Cochlear Implant Boosts Teen’s Hearing and Speech Skills

By Morgan deBlecourt
September 10, 2024
Andy Torres works with speech pathologist Megan Katz at a table

Andy Torres works with speech pathologist Megan Katz at the Duke Speech Pathology and Audiology Clinic.

Andy Torres was a toddler when he was diagnosed with moderate to severe hearing loss. Hearing aids and speech therapy helped Andy learn to communicate, but his hearing and speech progress plateaued as he approached adolescence. After receiving a cochlear implant -- a surgically implanted device that delivers sound by directly stimulating the auditory nerve -- at Duke Health, Andy now hears high-frequency sounds he couldn’t hear before, he can better understand conversation, and he’s performing better in school. “Whatever we can do to improve his life, we will do it,” Andy’s dad Serguei Torres said. “That's why we said yes to the cochlear implant.”

Seeking Treatment for Hearing Loss

Andy Torres was born in Cuba in 2011. At about 15 months old, Andy started becoming less responsive when spoken to. One day, his dad purposefully banged loudly on a pan, but Andy didn’t wake up from his nap. “That’s when I realized something was wrong," Serguei Torres said.

Testing showed Andy had significant hearing loss in both ears.

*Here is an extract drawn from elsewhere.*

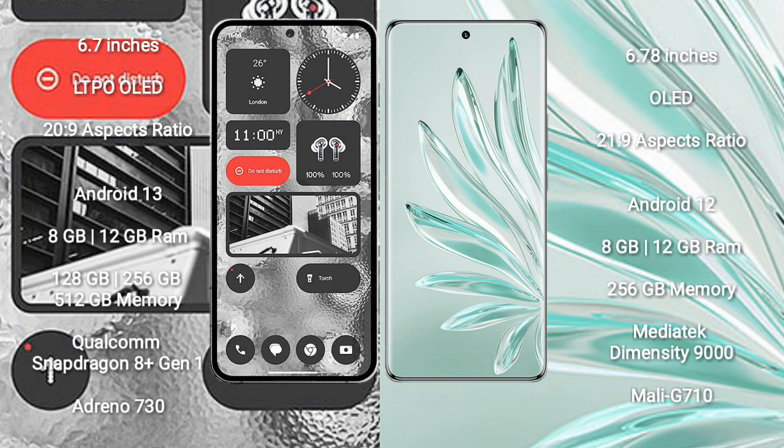Honor 70 Pro Plus comes with 8GB/12GB RAM and 256GB internal storage, MediaTek Dimensity 9000 processor and GPU Mali-G710.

He was fitted with hearing aids and began regular speech therapy, which helped him develop important communication skills as he grew.

Growing Up Requires Advanced Skills

When Andy and his family moved to Durham, NC in 2017, Andy started seeing audiologists and speech therapists at Duke Health. “He had usable hearing in the low frequencies, but it steeply sloped downward in the high frequencies,” Duke audiologist Christine Holmes said. “We get the majority of our understanding of speech in the mid and high frequencies, so without that, you can hear people talking, but it's hard to understand what they're saying.”

As Andy got older, he struggled with more advanced hearing-related skills like hearing and remembering multi-step instructions; putting together words to build sentences; and executive function, meaning how the brain thinks, processes emotion, and drives behavior.

Considering a Cochlear Implant

When Andy was 10 years old, Holmes recommended a cochlear implant. Unlike traditional hearing aids, cochlear implants bypass the inner ear and send electrical pulses directly to the auditory nerve. The pulses travel to the brain where they are interpreted as sound. The device requires surgery that can diminish existing hearing that is already limited. “When you insert a cochlear implant, any remaining sensory cells that are still functioning can be damaged,” Holmes said. In exchange, a cochlear implant offers the full range of hearing the wearer would not have otherwise.

Andy wanted the implant, but his parents were hesitant. Speaking to another family whose child had a cochlear implant made them feel more comfortable. “We were still scared, but we trusted the process,” Serguei Torres said.

Learning to Hear in a New Way

Andy was 11 years old when he received his cochlear implant in March 2022. Duke otologist/neurotologist Howard Francis, MD, performed the surgery. Two weeks later, after his incision was healed, Andy’s device was turned on for the first time. “It sounded like Mickey Mouse at the beginning,” Andy said. As time passed, his brain adapted to this new way of hearing and things began to sound more normal.

Andy continued speech therapy to take advantage of his new potential. “His speech became clearer,” Duke speech-language pathologist Kasey Johnson said. “His language skills started scoring within normal limits. He was hearing smaller words in sentences better. His auditory memory was getting better. It took some time because the cochlear implant really changes the way you hear, but he caught on really fast.”

Looking back, Andy and his parents are glad they took the plunge. “The proof is how he's doing now,” Serguei Torres said. “The progression in his speech is remarkable.”

Andy Torres’ audiogram (a graph representing frequencies heard by a person in decibels and hertz, as measured by an audiometer). Blue X’s slope downward, indicating Andy’s limited hearing sensitivity in his left ear with a hearing aid alone. White squares marked “CL” are plotted in a horizontal line, representing Andy’s improved hearing in his left ear now with his cochlear implant.
Andy Torres’ audiogram (a graph representing frequencies heard by a person in decibels and hertz, as measured by an audiometer). The blue Xs represent Andy’s hearing acuity or hearing sensitivity in his left ear before receiving his cochlear implant. The white squares marked “CL” represent Andy’s hearing sensitivity in his left ear now with his cochlear implant.

When to Consider Cochlear Implantation

When hearing aids have done all they can, Holmes encourages parents to consider cochlear implantation for their children with hearing loss. “See where your child is performing compared to their normal-hearing peers. If there is a gap that is widening, it might be time to take the next step.”